Bruno Jasieński : biography
Bruno Jasieński ( born Wiktor Zysman, Klimontów, Congress Poland, 17 July 1901 – died 17 September 1938, in Butyrka prison, Moscow) was a Polish poet and leader of the Polish futurist movement,Dr Feliks Tomaszewski, Virtual Library of Polish Literature, University of Gdansk. executed during the Polish operation of the NKVD in the Soviet Union.
Wiktor (Bruno) was born to a Polish family of Zysmans with Jewish and German roots, but from his mother’s side he was a descendant of nobility (Pol. szlachta). His father, Jakub Zysman, was a local doctor and a social worker, member of the local intelligentsia. He converted to Protestantism, mostly to be able to marry a Catholic girl, Eufemia Maria Modzelewska, a Polish noble, member of the Modzelewski family of the Bończa coat of arms, with whom he had three children: Wiktor (pen name Bruno Jasieński), Jerzy and Irena. Today one of the streets of Klimontów is named after him.
Little is known of Jasieński’s early life, especially as he did not describe it in his works. He attended high school in Warsaw, but didn’t finish it. In 1914 his family moved to Russia, where Bruno graduated from the secondary school in Moscow. There, his fascination with Igor Severyanin’s ego-futurism started, followed by lectures of Velimir Chlebnikov, Vladimir Mayakovsky and Alexiey Kruchonykh’s Visual poems. In 1918, after Poland regained its independence, Bruno returned to Kraków, where he applied for a position in the philosophical faculty of the Jagiellonian University. However, he suspended his studies to join the volunteer unit of the Polish Army and took part in the disarming of Austrian and German soldiers. After the Polish-Soviet War (February 1919 – March 1921), he returned to University and studied at various faculties (including philosophy, law and Polish literature). He also became one of the founders of a club of futurists named Katarynka (Hurdy-gurdy).
Migration to USSR
In 1929 Jasieński moved to the USSR and settled in Leningrad, where he accepted Soviet citizenship, and was quickly promoted by the authorities. The first Russian edition of I Burn Paris (translated from l’Humanité) was issued in 130,000 copies and sold out in… one day. The same year his son was born and Bruno became the editor-in-chief of Kultura mas (Culture of the Masses), a Polish-language monthly and a journalist of the Soviet Tribune. The following year he divorced Klara, allegedly because of numerous scandals she was involved in. Soon afterwards he married Anna Berzin, with whom he had a daughter.

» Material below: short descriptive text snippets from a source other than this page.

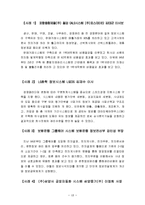 [경영학] 기업경영과 정보시스템의 상관관계-19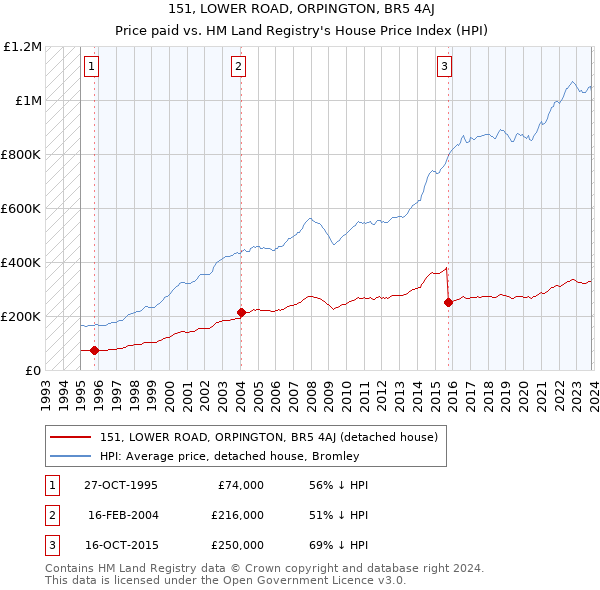 151, LOWER ROAD, ORPINGTON, BR5 4AJ: Price paid vs HM Land Registry's House Price Index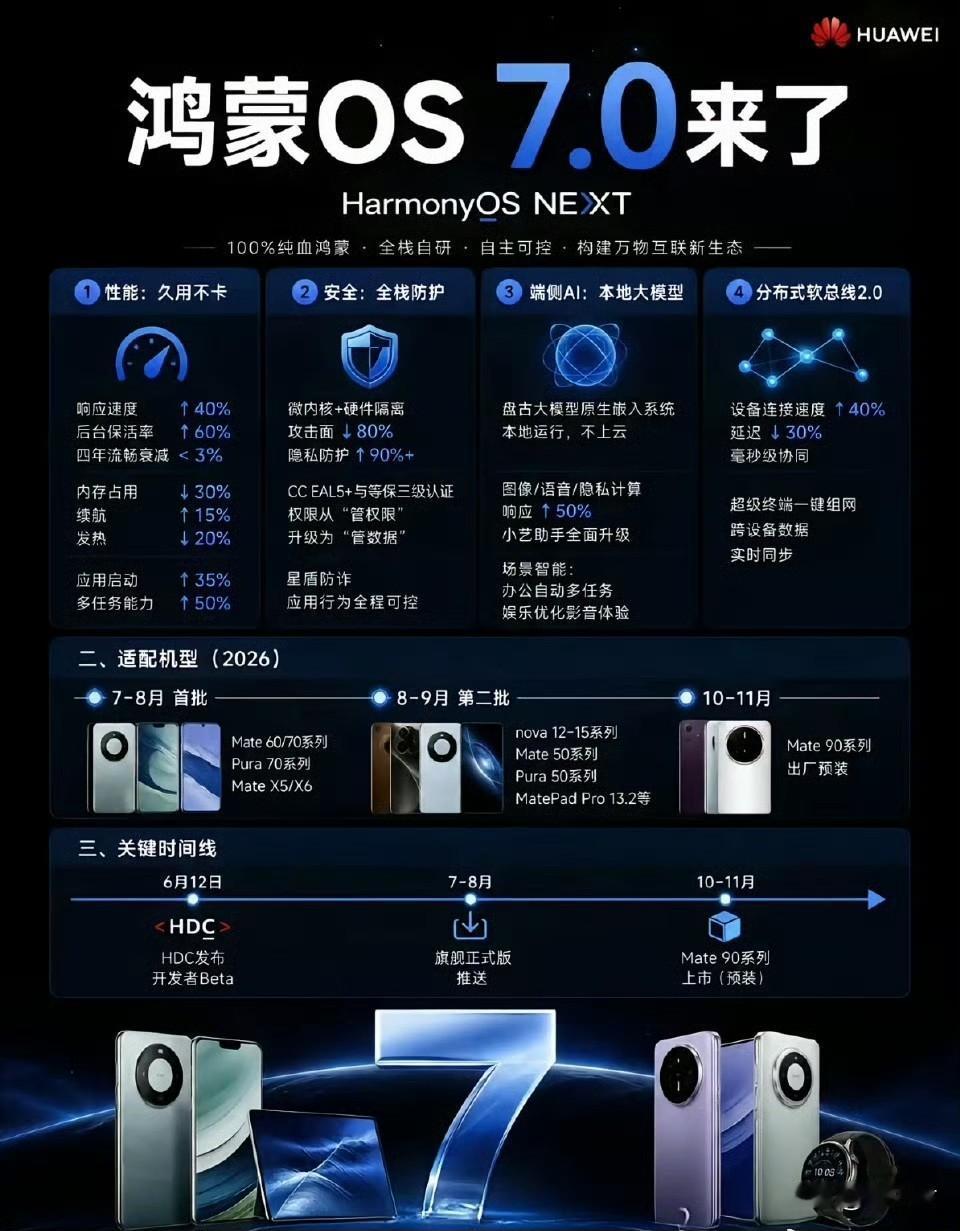 全自研纯血，鸿蒙OS7.0来了！1、性能拉满久用不卡，安全防护直接拉到顶，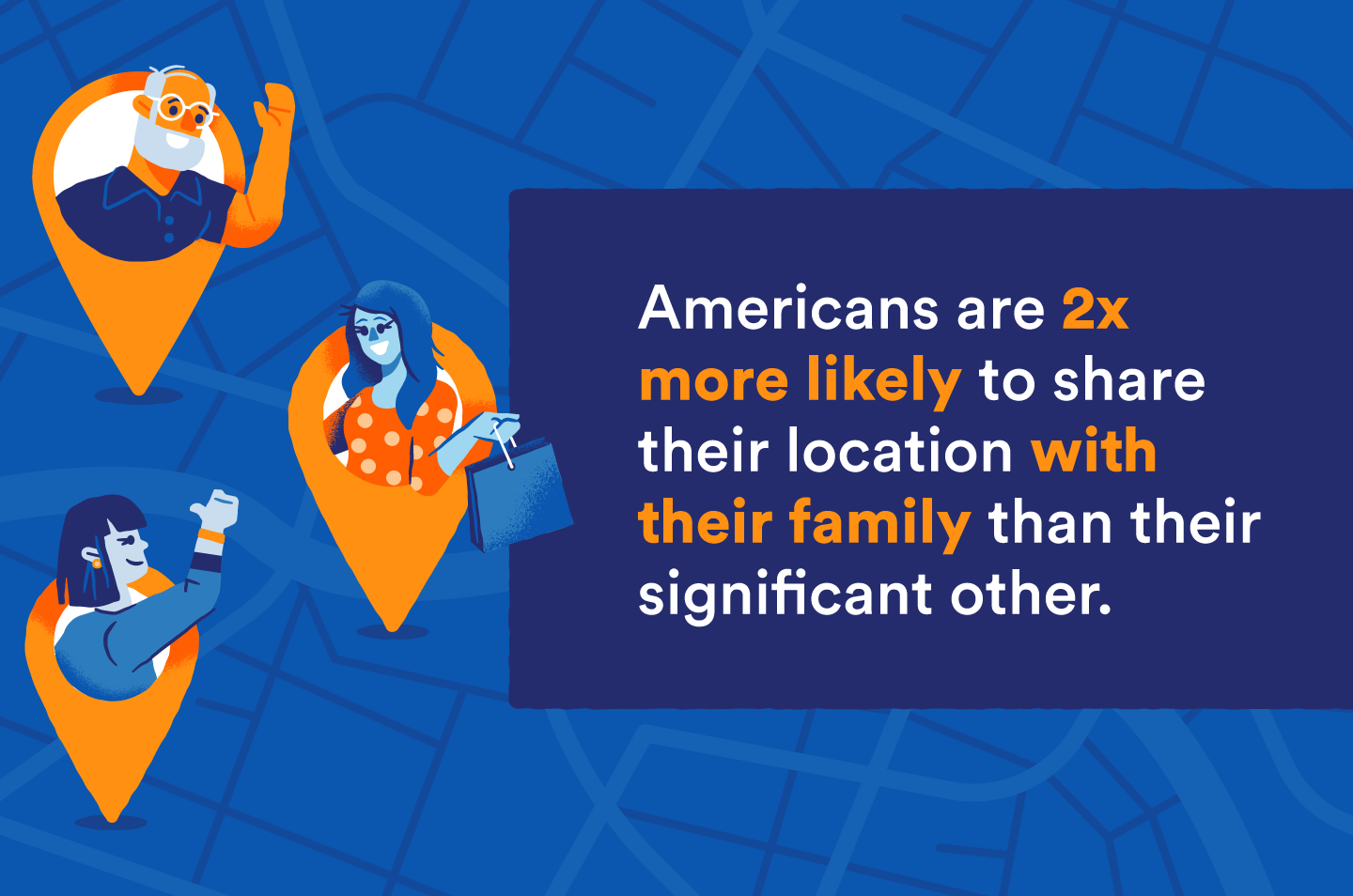 graphic showing that people are more likely to share their location with friends and family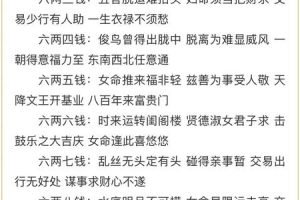 称骨六两四钱2025年05月24日贵人运解析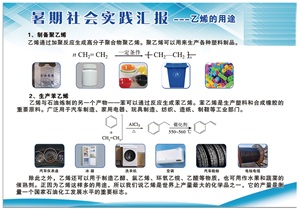 基于社会实践活动培养工程思维的有机化学教学<sup>*</sup>——复兴路上话乙烯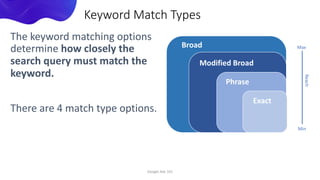 The keyword matching options
determine how closely the
search query must match the
keyword.
There are 4 match type options.
Google Ads 101
Keyword Match Types
Modified Broad
Broad
Phrase
Exact
Max
Min
Reach
 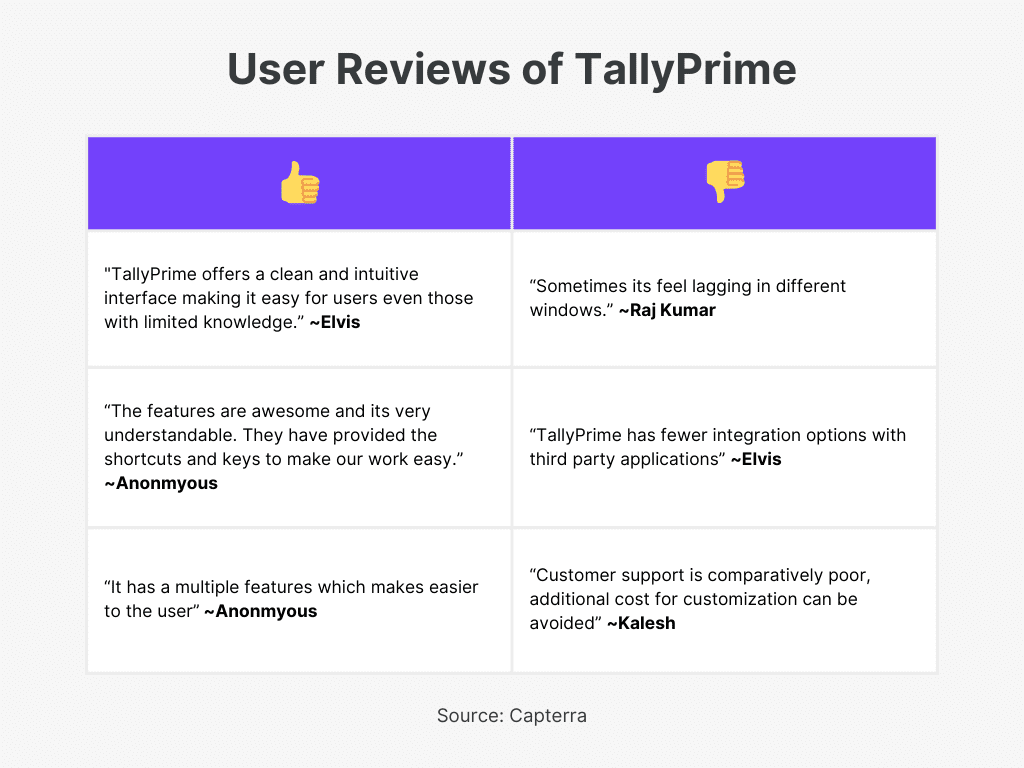 Tally Solution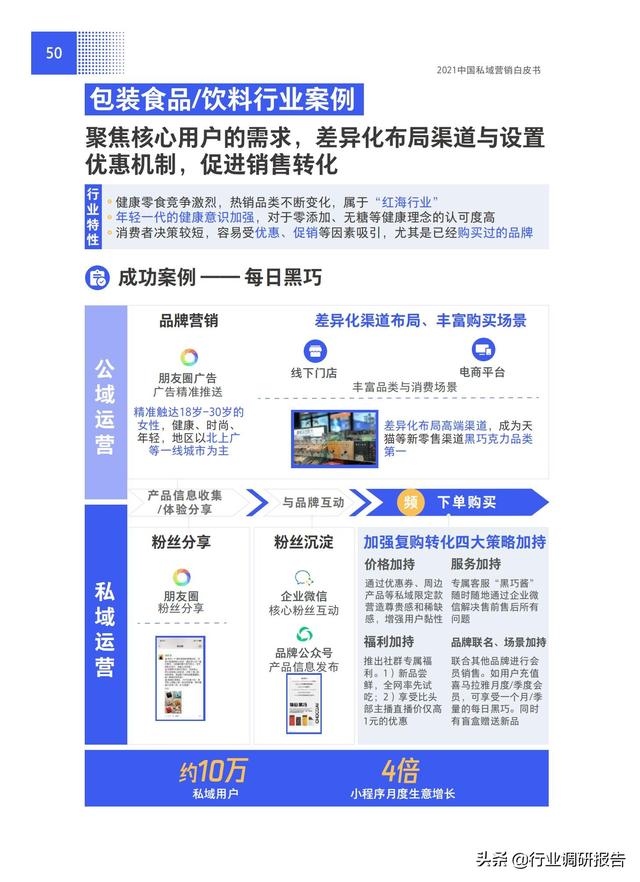 2021年中国私域营销白皮书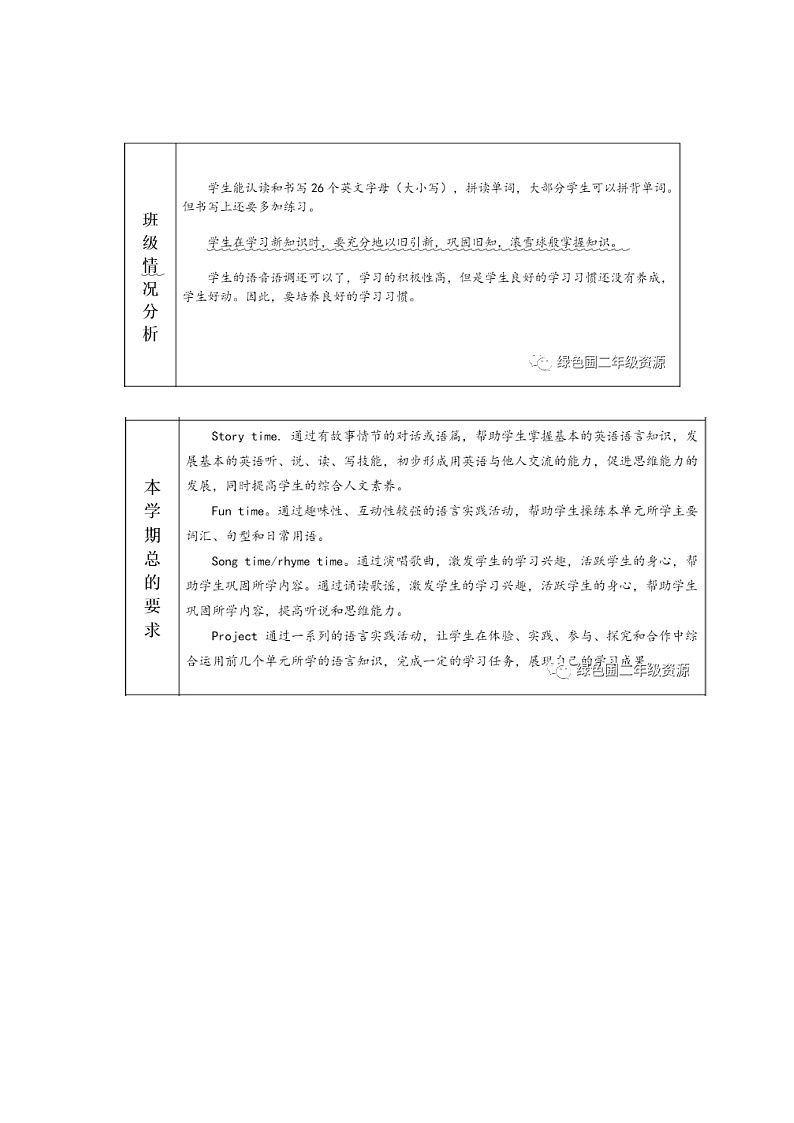 新译林版二年级下册英语教学计划第1页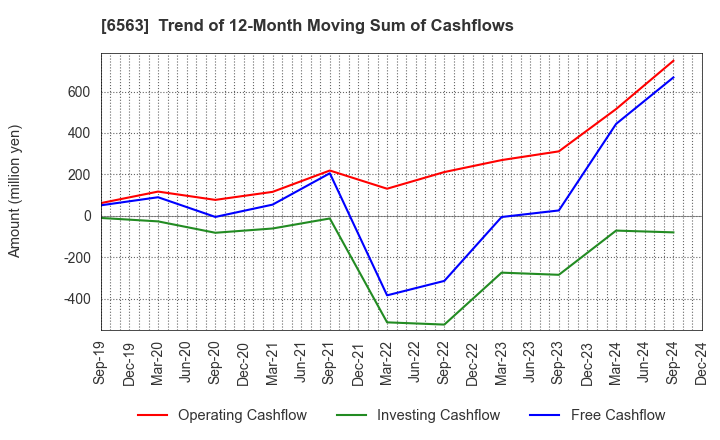 6563 Mirai Works Inc.: Trend of 12-Month Moving Sum of Cashflows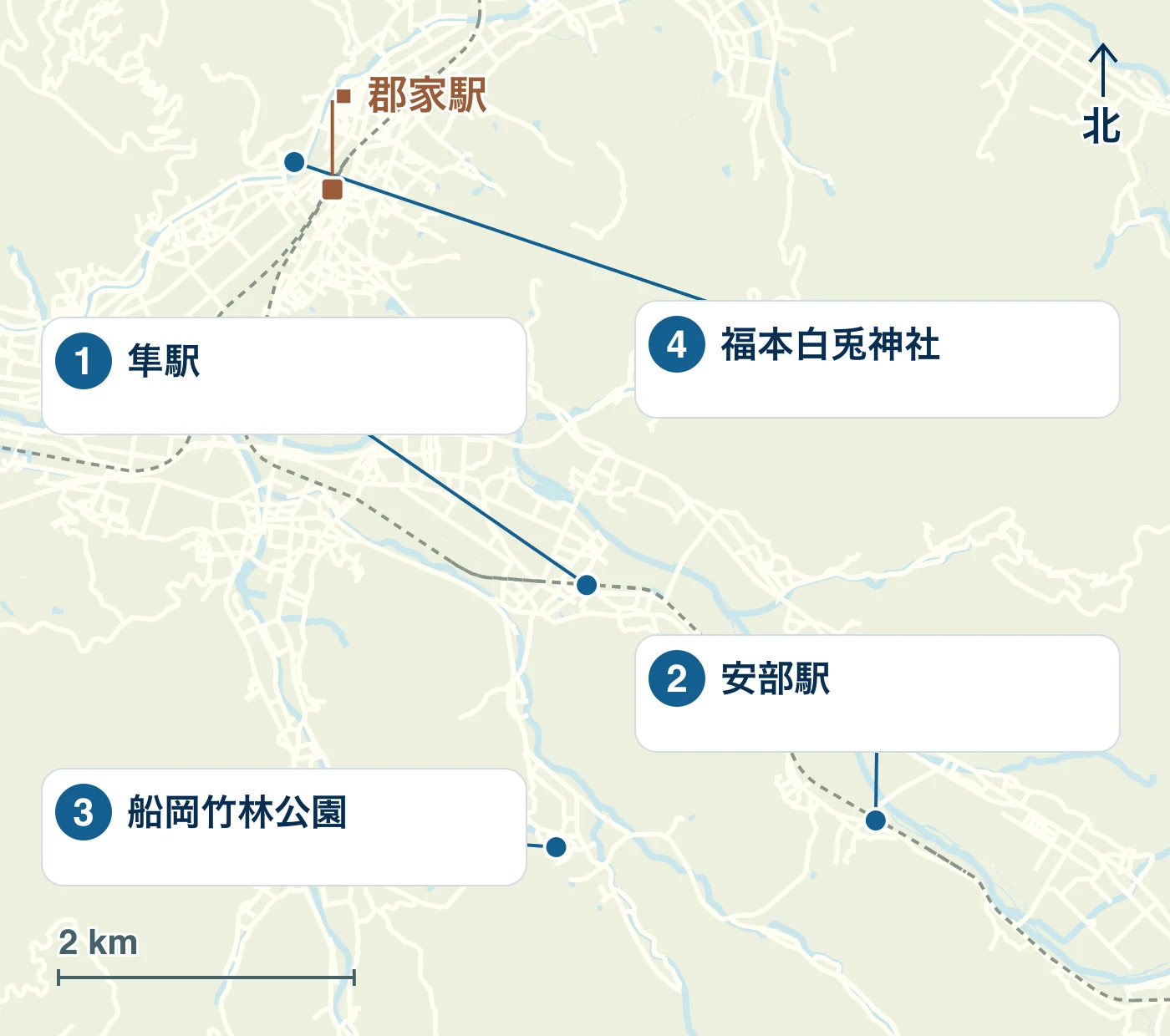 八頭町の駅・水辺・道路と、1 隼駅、2 安部駅、3 船岡竹林公園、4 福本白兎神社の位置を示す地図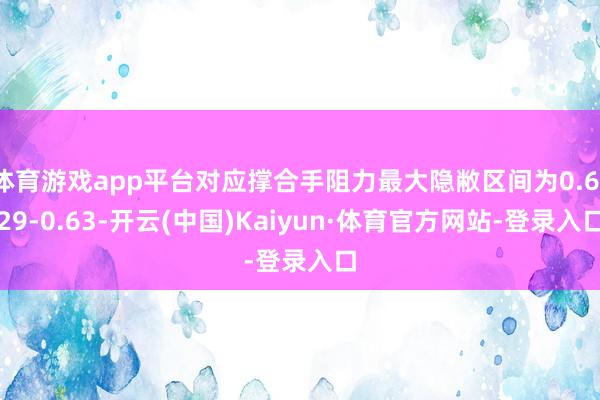 体育游戏app平台对应撑合手阻力最大隐敝区间为0.6129-0.63-开云(中国)Kaiyun·体育官方网站-登录入口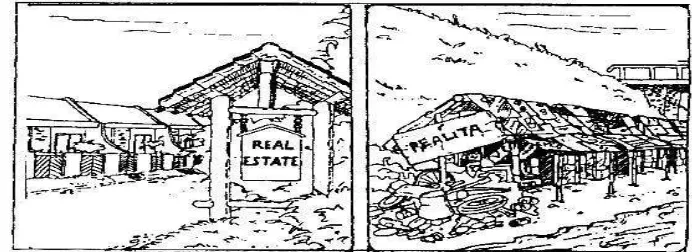 Gambar 1. Gambaran real-state versus  kampung. Sumber: Kusno, 2000 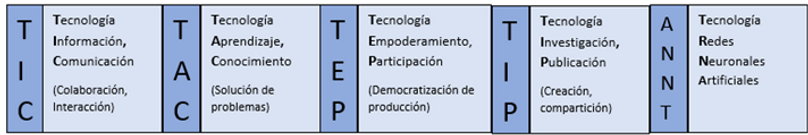 Tabla descriptiva de lo que significa TIC, TAC, TEP, TIP y ANNT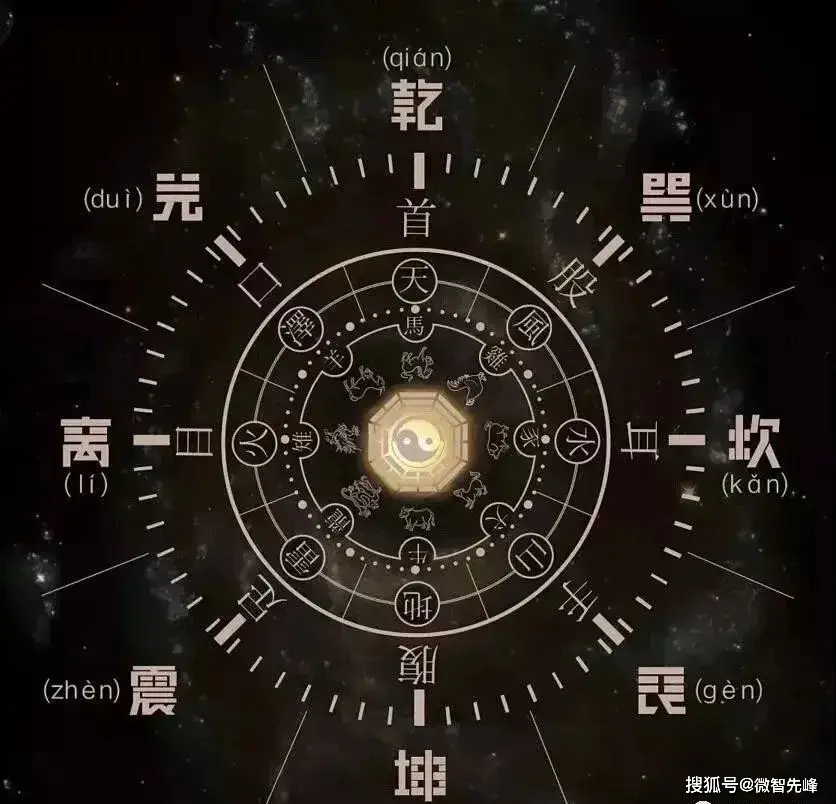 四柱八字算命不求人_八字算命四柱求人怎么看_八字算命四柱求人怎么算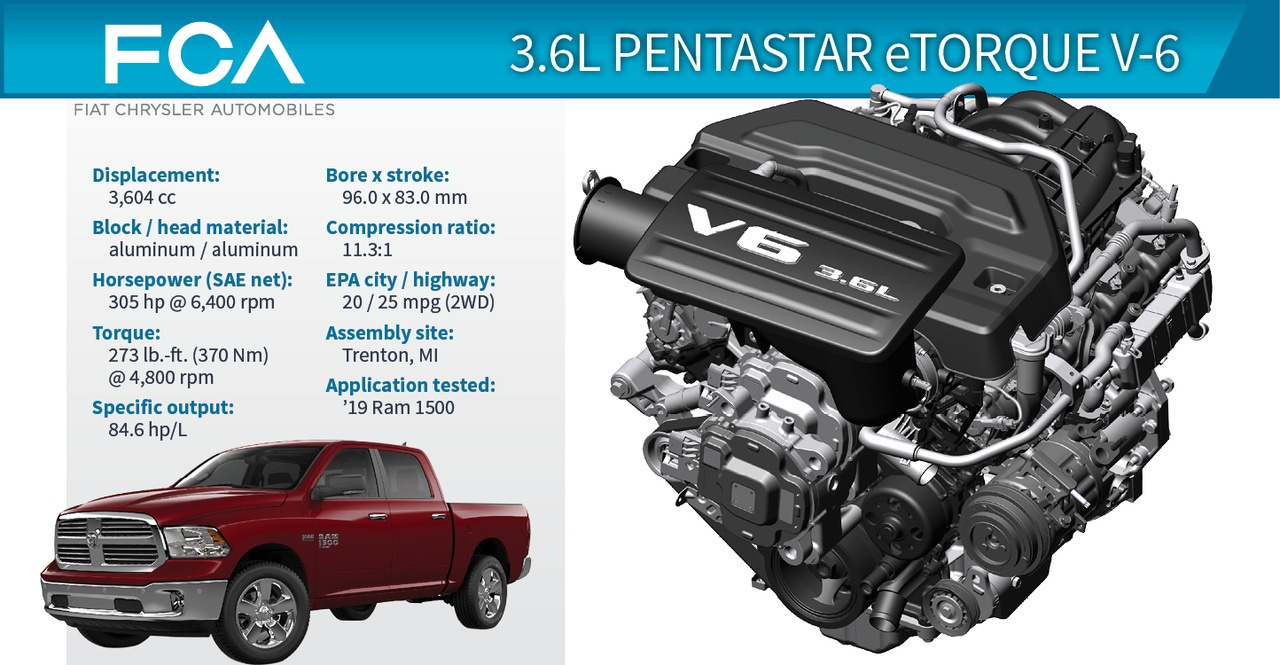 2019 Winner Ram 1500 3.6L Pentastar eTorque V 6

In 1932 he transferred from the Polish division of the French Communist Party to the All-Union Communist Party (Bolsheviks) and soon became a prominent member of that organization. He migrated to Moscow. During that period he served at various posts in the branch unions of communist writers. He was also granted honorary citizenship of Tajikistan. By the mid-1930s he became a strong supporter of Genrikh Yagoda’s political purges within the writers’ community. Jasieński is often mentioned as the initiator of the persecution of Isaak Babel. However, in 1937 the tide turned and Yagoda himself was arrested and Jasieński lost a powerful protector. Soon afterwards Jasieński’s former wife, Klara, who had had an affair with Yagoda, was also arrested, sentenced to death and executed. Jasieński was expelled from the party, and soon afterwards he was also caught up in the purges. Sentenced to 15 years in a labour camp, he was executed on 17 September 1938 in Butyrka prison in Moscow.
Jasieński’s second wife Anna was arrested in 1939 and sent to the Soviet Gulag where she survived for the remarkable 17 years. His underage son was sent to an orphanage to be brought up as Russian with no knowledge of his own past. He escaped from the orphanage during World War II. After the war, he engaged in some unspecified activities considered criminal under the Stalinist system, but eventually, he also discovered his true origins and adopted his real name. He became a member of various dissident organizations opposing Communism. He was killed in the 1970s.